## Required work
In the data below, the answer is the run of lines from the line containing "Van Cleef &" through the line containing "SOL1805816 - NISSAN", both included; print it exactly and nothing else.

## Supplied data
•••

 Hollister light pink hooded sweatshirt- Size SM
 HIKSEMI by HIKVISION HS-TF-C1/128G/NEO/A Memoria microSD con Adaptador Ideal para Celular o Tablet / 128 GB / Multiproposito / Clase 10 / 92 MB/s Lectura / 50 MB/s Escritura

•••

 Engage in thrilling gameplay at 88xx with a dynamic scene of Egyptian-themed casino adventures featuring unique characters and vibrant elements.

•••

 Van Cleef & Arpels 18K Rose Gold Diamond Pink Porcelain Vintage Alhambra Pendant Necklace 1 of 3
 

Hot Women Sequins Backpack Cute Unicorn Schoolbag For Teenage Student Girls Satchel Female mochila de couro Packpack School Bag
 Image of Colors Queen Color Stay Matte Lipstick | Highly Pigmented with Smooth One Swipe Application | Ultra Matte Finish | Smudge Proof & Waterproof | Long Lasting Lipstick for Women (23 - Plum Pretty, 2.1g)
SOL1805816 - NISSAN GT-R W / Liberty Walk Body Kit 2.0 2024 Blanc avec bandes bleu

•••

## Exercise response
 Van Cleef & Arpels 18K Rose Gold Diamond Pink Porcelain Vintage Alhambra Pendant Necklace 1 of 3
 

Hot Women Sequins Backpack Cute Unicorn Schoolbag For Teenage Student Girls Satchel Female mochila de couro Packpack School Bag
 Image of Colors Queen Color Stay Matte Lipstick | Highly Pigmented with Smooth One Swipe Application | Ultra Matte Finish | Smudge Proof & Waterproof | Long Lasting Lipstick for Women (23 - Plum Pretty, 2.1g)
SOL1805816 - NISSAN GT-R W / Liberty Walk Body Kit 2.0 2024 Blanc avec bandes bleu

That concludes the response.